Your assignment: Start at the line in the entries below that contains "ロゴ 未使用】メゾンミッシェル VIRGINIE HAT ラフィア ハット ロゴ", stop at the line that contains "UNFILO 山田 コーディネート画像", and output exactly the lines in that span, both ends included.

Web page caption snippets:
*** Begin section ***
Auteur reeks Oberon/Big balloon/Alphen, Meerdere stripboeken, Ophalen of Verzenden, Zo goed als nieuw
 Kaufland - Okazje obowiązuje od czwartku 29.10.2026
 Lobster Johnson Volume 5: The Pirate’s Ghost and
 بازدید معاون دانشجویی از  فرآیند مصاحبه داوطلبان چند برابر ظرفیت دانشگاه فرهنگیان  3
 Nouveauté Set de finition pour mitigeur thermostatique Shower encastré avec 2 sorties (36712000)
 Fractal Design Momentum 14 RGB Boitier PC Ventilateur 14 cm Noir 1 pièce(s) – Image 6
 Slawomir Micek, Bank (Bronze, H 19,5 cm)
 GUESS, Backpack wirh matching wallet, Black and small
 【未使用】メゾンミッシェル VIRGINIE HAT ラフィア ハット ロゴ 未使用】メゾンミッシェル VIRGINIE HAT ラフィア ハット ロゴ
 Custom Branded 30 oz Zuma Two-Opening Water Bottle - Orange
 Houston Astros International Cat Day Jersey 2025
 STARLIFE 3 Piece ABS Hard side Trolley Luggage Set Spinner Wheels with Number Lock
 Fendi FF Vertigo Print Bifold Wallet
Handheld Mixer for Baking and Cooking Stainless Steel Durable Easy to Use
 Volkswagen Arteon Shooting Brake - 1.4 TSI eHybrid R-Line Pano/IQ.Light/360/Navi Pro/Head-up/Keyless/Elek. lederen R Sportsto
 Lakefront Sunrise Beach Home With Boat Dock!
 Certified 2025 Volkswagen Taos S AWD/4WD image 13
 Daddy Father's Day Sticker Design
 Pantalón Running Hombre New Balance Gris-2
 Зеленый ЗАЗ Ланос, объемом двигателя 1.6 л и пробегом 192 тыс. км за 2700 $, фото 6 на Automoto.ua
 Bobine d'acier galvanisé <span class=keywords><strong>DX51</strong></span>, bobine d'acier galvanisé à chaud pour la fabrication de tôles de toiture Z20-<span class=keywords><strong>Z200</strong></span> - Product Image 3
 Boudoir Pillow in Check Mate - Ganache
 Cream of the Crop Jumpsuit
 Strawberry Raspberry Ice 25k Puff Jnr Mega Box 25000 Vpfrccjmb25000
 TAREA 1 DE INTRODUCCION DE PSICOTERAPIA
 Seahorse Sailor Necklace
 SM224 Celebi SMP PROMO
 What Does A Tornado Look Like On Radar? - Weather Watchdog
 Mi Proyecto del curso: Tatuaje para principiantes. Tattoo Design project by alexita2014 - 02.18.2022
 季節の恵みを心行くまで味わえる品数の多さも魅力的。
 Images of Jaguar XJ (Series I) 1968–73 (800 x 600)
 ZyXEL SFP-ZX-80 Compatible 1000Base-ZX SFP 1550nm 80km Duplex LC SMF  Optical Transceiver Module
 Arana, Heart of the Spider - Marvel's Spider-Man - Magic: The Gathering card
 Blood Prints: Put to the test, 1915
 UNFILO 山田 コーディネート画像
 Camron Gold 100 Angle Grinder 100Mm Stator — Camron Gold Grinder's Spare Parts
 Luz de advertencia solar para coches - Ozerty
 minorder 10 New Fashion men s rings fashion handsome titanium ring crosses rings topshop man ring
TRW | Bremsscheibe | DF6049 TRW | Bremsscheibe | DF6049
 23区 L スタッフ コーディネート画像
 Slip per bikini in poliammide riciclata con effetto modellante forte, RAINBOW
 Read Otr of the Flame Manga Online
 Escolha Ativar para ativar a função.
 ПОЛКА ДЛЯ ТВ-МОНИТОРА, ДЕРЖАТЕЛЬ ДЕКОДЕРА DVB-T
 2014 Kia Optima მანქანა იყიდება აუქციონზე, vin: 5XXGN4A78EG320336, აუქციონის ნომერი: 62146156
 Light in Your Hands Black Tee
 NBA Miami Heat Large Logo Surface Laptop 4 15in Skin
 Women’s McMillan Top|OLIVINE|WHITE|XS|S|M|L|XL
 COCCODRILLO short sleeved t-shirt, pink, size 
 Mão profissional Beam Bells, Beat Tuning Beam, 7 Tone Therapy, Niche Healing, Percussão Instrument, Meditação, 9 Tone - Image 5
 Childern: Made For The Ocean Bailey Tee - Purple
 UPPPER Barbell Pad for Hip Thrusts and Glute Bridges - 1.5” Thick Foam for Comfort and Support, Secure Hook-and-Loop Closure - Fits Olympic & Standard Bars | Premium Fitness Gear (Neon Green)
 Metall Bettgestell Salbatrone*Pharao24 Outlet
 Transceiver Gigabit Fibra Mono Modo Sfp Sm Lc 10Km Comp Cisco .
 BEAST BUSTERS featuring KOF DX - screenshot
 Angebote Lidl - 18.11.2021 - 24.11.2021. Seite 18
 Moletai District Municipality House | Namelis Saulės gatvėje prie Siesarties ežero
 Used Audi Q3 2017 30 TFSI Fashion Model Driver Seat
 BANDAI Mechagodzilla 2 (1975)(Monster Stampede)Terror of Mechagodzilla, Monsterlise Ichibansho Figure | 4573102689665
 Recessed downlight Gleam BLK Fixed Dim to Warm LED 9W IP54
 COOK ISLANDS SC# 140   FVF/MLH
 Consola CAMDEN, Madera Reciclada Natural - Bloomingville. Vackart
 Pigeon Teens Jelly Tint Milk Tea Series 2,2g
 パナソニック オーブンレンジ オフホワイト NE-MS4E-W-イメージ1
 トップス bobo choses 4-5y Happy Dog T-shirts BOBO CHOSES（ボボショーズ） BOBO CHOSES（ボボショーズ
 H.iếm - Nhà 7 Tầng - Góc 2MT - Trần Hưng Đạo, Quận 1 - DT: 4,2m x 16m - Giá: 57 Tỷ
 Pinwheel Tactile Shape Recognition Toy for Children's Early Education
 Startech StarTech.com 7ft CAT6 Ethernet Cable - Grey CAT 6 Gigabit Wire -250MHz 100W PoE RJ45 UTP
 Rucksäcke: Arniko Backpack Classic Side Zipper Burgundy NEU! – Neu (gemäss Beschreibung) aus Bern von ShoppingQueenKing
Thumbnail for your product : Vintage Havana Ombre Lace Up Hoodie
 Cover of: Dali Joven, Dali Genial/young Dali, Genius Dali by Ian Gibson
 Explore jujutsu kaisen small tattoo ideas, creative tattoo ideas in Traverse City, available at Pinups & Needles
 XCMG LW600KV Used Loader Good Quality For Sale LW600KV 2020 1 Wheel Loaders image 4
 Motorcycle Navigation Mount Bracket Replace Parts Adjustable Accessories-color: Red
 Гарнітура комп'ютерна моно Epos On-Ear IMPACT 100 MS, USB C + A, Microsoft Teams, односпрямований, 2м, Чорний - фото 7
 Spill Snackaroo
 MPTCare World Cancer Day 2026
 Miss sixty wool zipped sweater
*** End section ***
Written answer:
 【未使用】メゾンミッシェル VIRGINIE HAT ラフィア ハット ロゴ 未使用】メゾンミッシェル VIRGINIE HAT ラフィア ハット ロゴ
 Custom Branded 30 oz Zuma Two-Opening Water Bottle - Orange
 Houston Astros International Cat Day Jersey 2025
 STARLIFE 3 Piece ABS Hard side Trolley Luggage Set Spinner Wheels with Number Lock
 Fendi FF Vertigo Print Bifold Wallet
Handheld Mixer for Baking and Cooking Stainless Steel Durable Easy to Use
 Volkswagen Arteon Shooting Brake - 1.4 TSI eHybrid R-Line Pano/IQ.Light/360/Navi Pro/Head-up/Keyless/Elek. lederen R Sportsto
 Lakefront Sunrise Beach Home With Boat Dock!
 Certified 2025 Volkswagen Taos S AWD/4WD image 13
 Daddy Father's Day Sticker Design
 Pantalón Running Hombre New Balance Gris-2
 Зеленый ЗАЗ Ланос, объемом двигателя 1.6 л и пробегом 192 тыс. км за 2700 $, фото 6 на Automoto.ua
 Bobine d'acier galvanisé <span class=keywords><strong>DX51</strong></span>, bobine d'acier galvanisé à chaud pour la fabrication de tôles de toiture Z20-<span class=keywords><strong>Z200</strong></span> - Product Image 3
 Boudoir Pillow in Check Mate - Ganache
 Cream of the Crop Jumpsuit
 Strawberry Raspberry Ice 25k Puff Jnr Mega Box 25000 Vpfrccjmb25000
 TAREA 1 DE INTRODUCCION DE PSICOTERAPIA
 Seahorse Sailor Necklace
 SM224 Celebi SMP PROMO
 What Does A Tornado Look Like On Radar? - Weather Watchdog
 Mi Proyecto del curso: Tatuaje para principiantes. Tattoo Design project by alexita2014 - 02.18.2022
 季節の恵みを心行くまで味わえる品数の多さも魅力的。
 Images of Jaguar XJ (Series I) 1968–73 (800 x 600)
 ZyXEL SFP-ZX-80 Compatible 1000Base-ZX SFP 1550nm 80km Duplex LC SMF  Optical Transceiver Module
 Arana, Heart of the Spider - Marvel's Spider-Man - Magic: The Gathering card
 Blood Prints: Put to the test, 1915
 UNFILO 山田 コーディネート画像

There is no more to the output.